Michael D. Sheridan received his Ph.D. in Ottoman History from Bilkent University, with his dissertation entitled “‘I Curse No One without Cause’: Identity, Power, Rivalry, and Invective in the Early 17th-century Ottoman Court.” His research focuses on cultural history in both the Islamicate and the European contexts, using historical, literary, and ego texts of the early modern period in order to examine this period’s changing elite identities and factionalizations and the intense sociocultural tensions to which these changes gave rise.

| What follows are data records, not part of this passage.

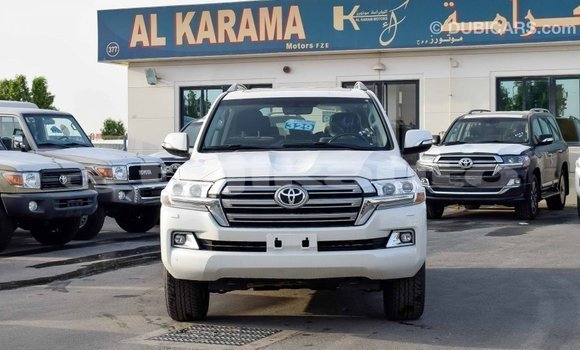 Buy Import Toyota Land Cruiser White Car in Import - Dubai in Dushanbe Buy Import Toyota Land Cruiser White Car in Import - Dubai in Dushanbe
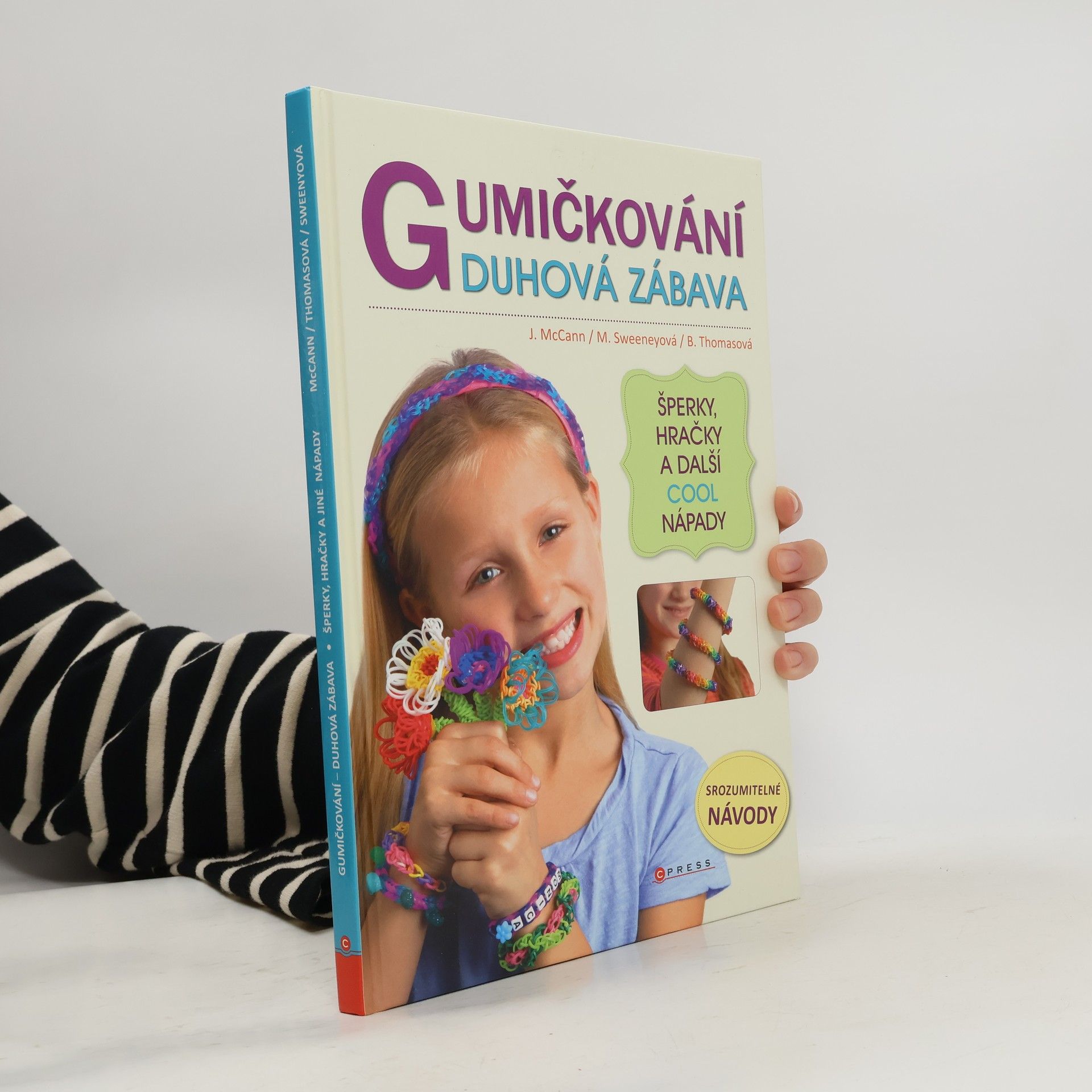 John McCann Gumičkování. Duhová zábava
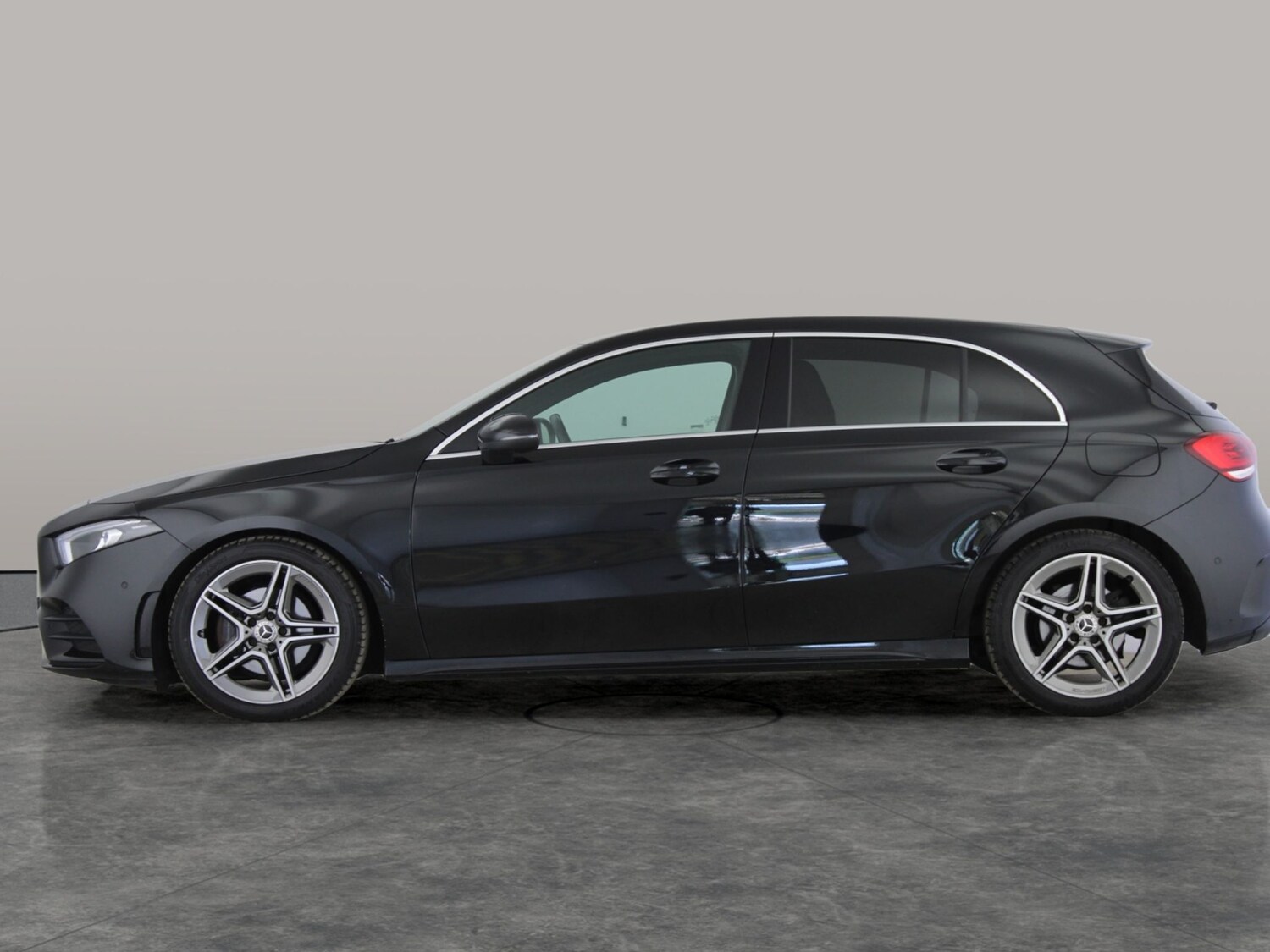 Used Mercedes-Benz A-Class 2020 for sale - 78012345: Photo 13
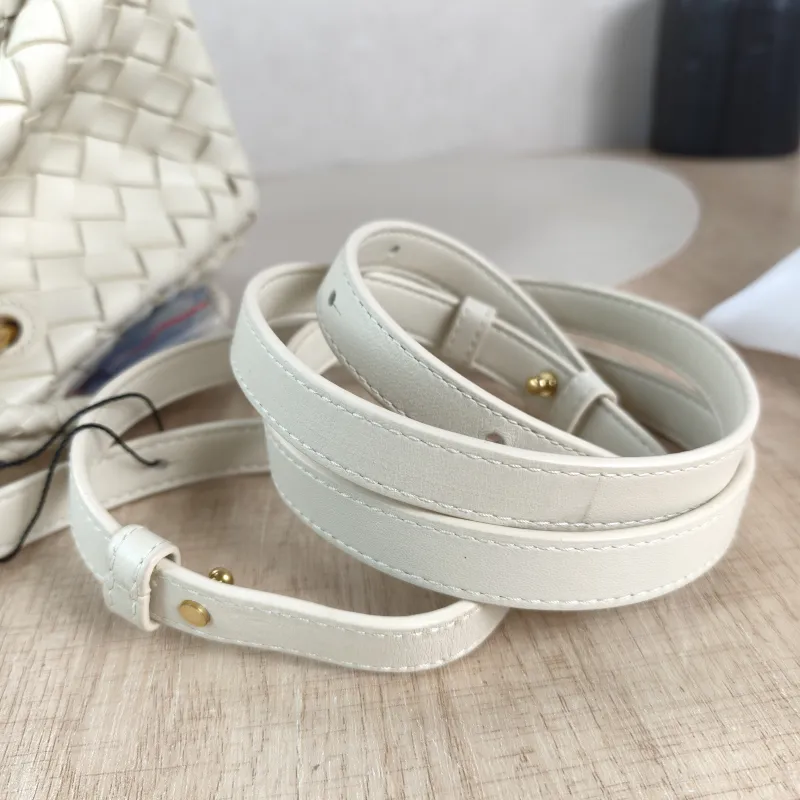 Bottega Veneta Crossbody Bag Parachute White Lambskin Small 20 × 17 × 16.5 cm — detail view 6 of 10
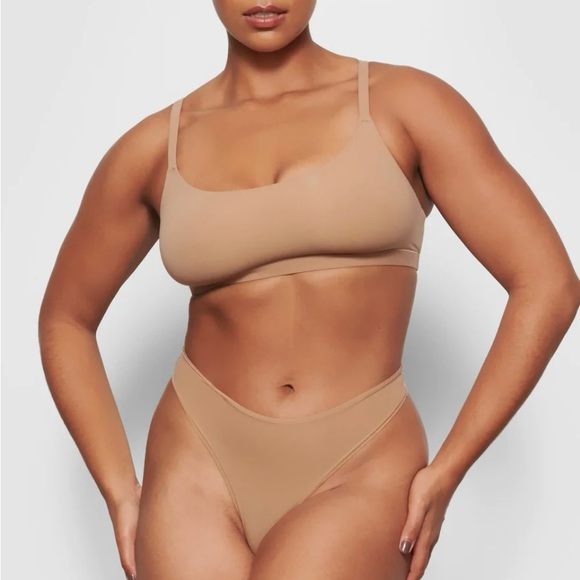 NWT SKIMS Fits Everybody Thong - Picture 2 of 6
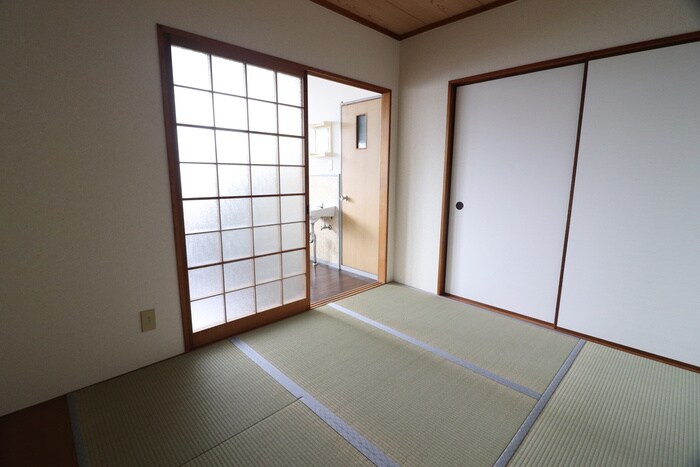 物件内観写真8　(居室)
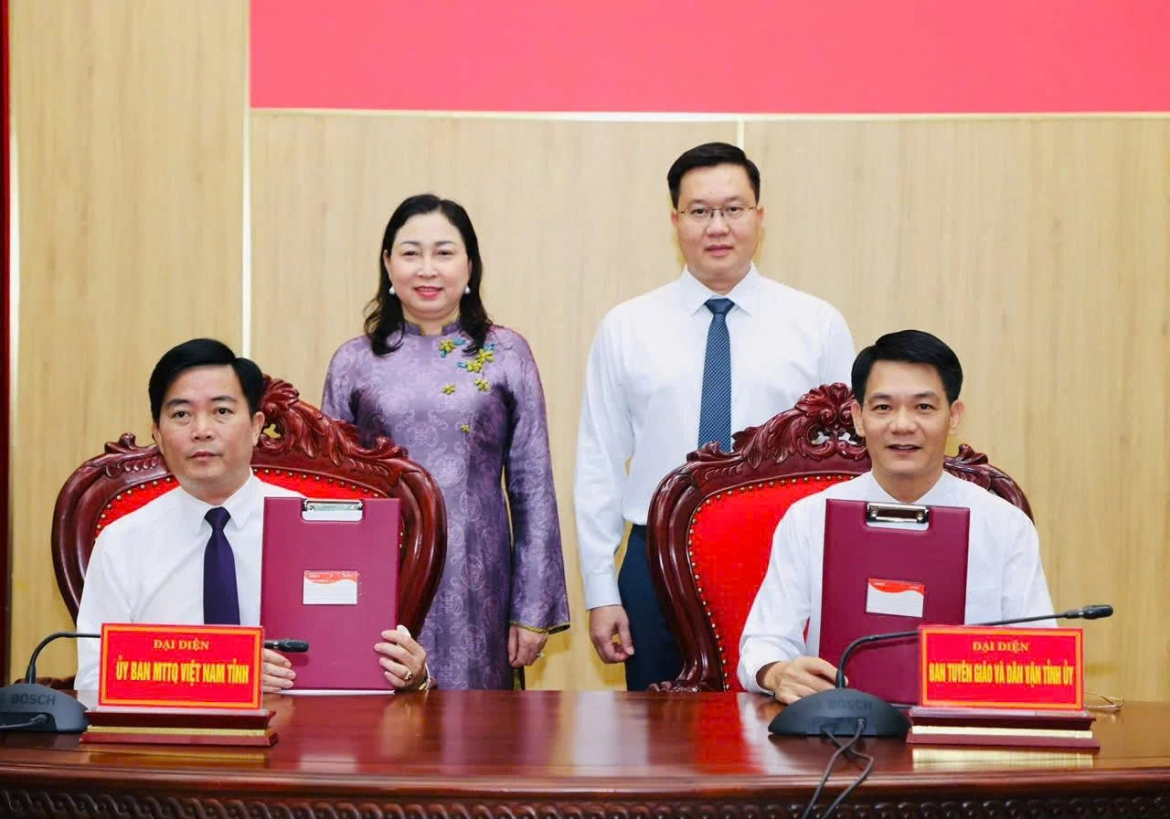 ninh binh Doi ten ban tuyen giao va dan van tinh uy thanh ban tuyen giao tinh uy hinh anh 1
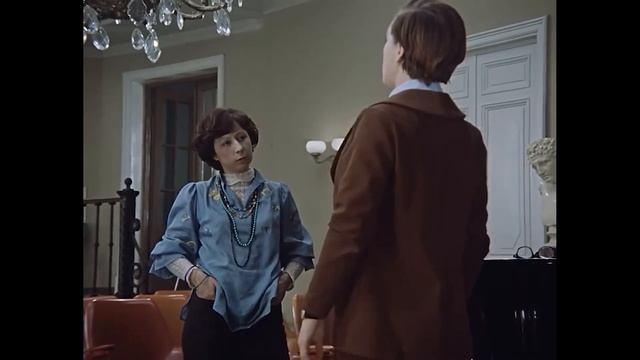 Вам все льстят / Эпизод из Служебного романа смотреть онлайн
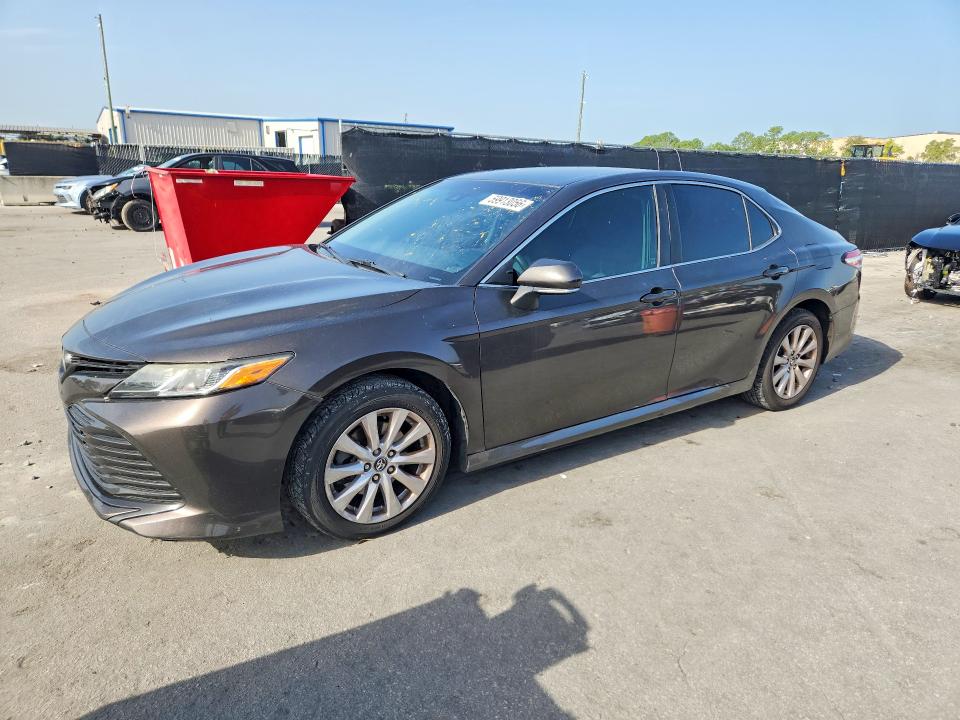 2018 Toyota Camry მანქანა იყიდება აუქციონზე, vin: 4T1B11HK4JU045627, აუქციონის ნომერი: 59913056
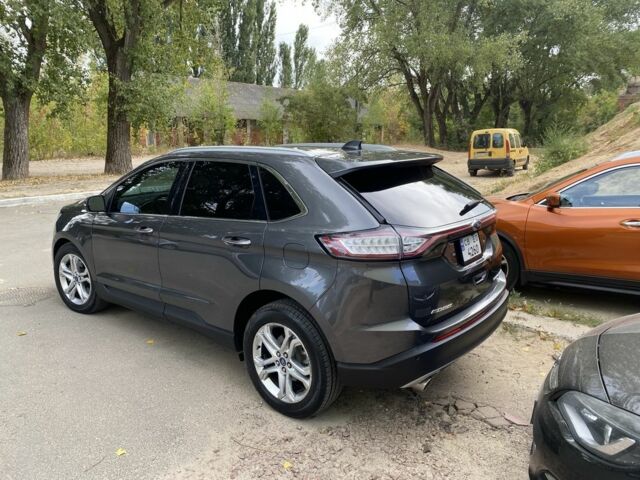 Сірий Форд Едж, об'ємом двигуна 2 л та пробігом 98 тис. км за 18000 $, фото 2 на Automoto.ua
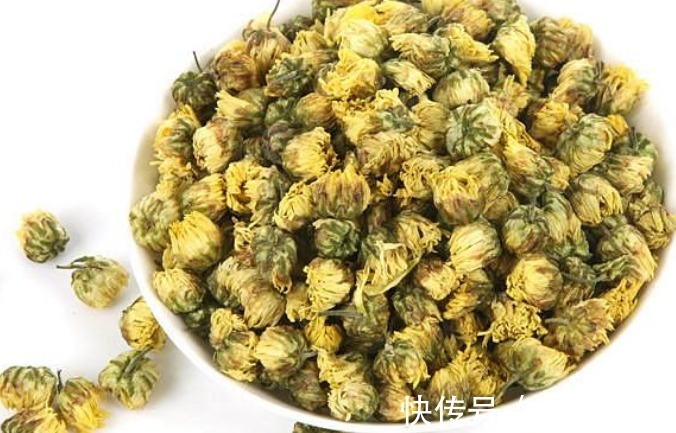 失眠|菊花和此物一起泡,每天一杯,双眼明亮,告别失眠,谁喝谁健康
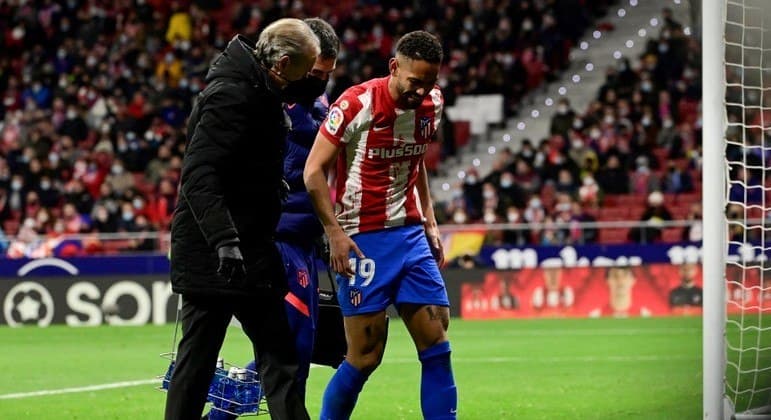 Matheus Cunha será ausência nas Eliminatórias após lesionar o joelho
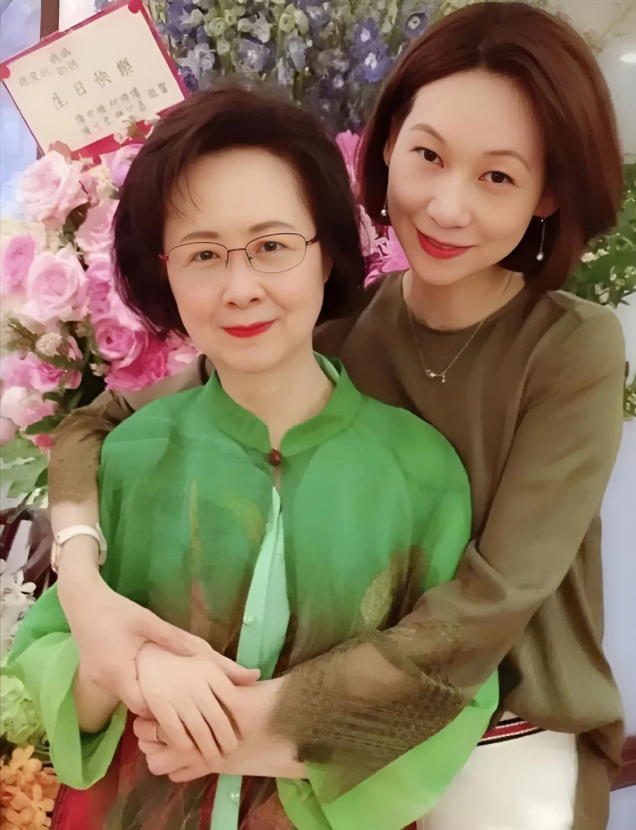 Hà Tú Quỳnh người thừa kế nữ sĩ Quỳnh Dao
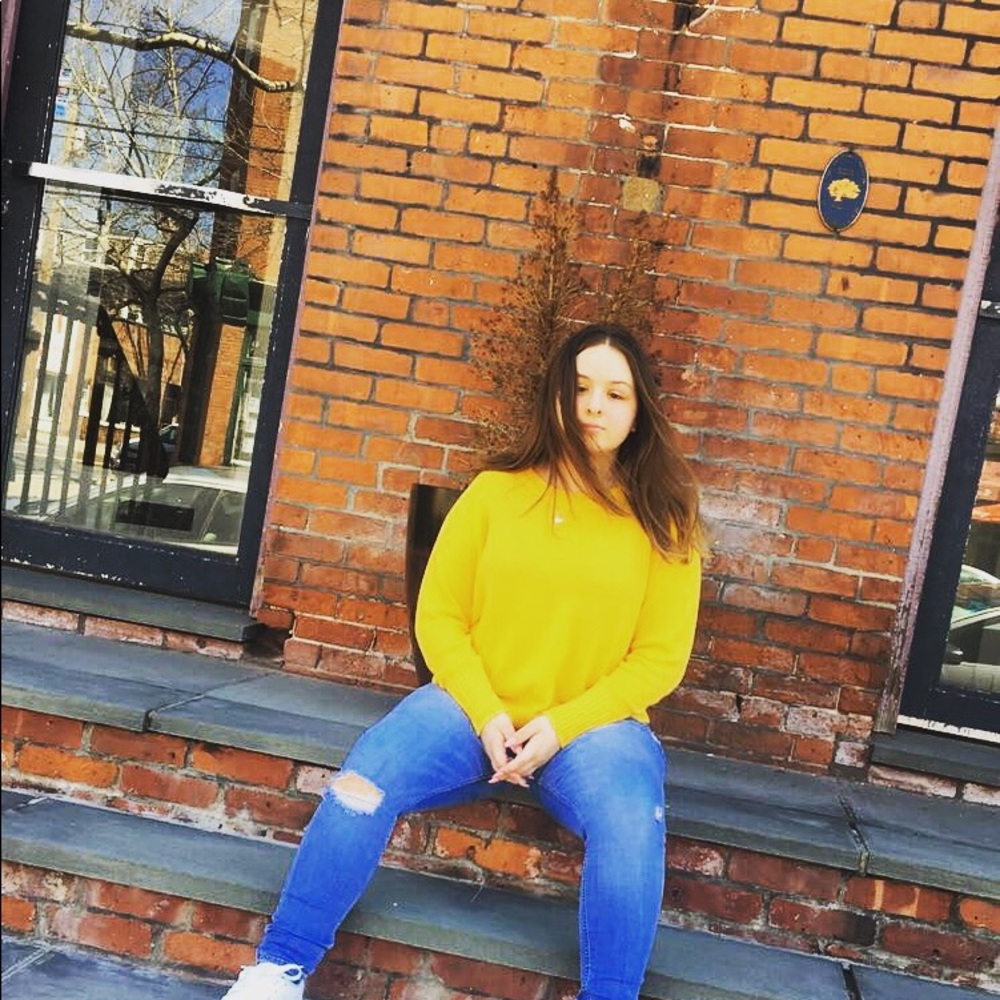 Meet your Posher, Laila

He has published a book, Ottoman Explorations of the Nile (with Robert Dankoff and Nuran Tezcan), which is a translation and scholarly analysis of the 17th-century Ottoman traveler Evliya Çelebi’s journeys up the Nile River and the Nile map that he subsequently created or commissioned. Additionally, his study examining early 17th-century Ottoman invective in its historical and sociocultural context appears in the edited volume Disliking Others: Loathing, Hostility, and Distrust in Pre-modern Ottoman Lands. He has also presented his work at numerous international conferences, including the American Comparative Literature Association (ACLA), the Comité International des Études Pré-Ottomanes et Ottomanes (CIÉPO), the Gesellschaft für Turkologie, Osmanistik und Türkeistudien (GTOT), the International Congress of Ottoman Social and Economic History (ICOSEH), the Middle East Studies Association (MESA), and the Poetics and Linguistics Association (PALA). He is the translator and editor of a range of literary and historical texts, most prominently the work of Evliya Çelebi and the collected poetry of Sultan Mehmed II.
He was the recipient of a junior residential fellowship at Koç University’s Research Center for Anatolian Civilizations (RCAC) in 2012–13, and has taught courses and seminars in the humanities, modern Turkish history, Ottoman and Turkish literature, and the English language.